• [RECORDS SHOWN]
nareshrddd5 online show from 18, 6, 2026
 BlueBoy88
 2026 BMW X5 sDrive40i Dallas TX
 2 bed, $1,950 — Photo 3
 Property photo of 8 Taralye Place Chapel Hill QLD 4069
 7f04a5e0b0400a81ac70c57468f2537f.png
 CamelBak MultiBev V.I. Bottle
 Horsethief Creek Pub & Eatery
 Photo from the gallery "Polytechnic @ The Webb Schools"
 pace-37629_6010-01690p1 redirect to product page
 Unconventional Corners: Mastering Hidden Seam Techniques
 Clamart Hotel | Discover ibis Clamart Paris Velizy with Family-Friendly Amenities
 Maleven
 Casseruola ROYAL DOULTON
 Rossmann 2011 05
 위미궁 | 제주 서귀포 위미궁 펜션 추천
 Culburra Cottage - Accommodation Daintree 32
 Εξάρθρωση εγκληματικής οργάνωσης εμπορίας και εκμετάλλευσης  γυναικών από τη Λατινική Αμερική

• [TASK TO COMPLETE]
Among the lines above, list those that contain the word "from".

• [EXERCISE SOLUTION]
nareshrddd5 online show from 18, 6, 2026
 Photo from the gallery "Polytechnic @ The Webb Schools"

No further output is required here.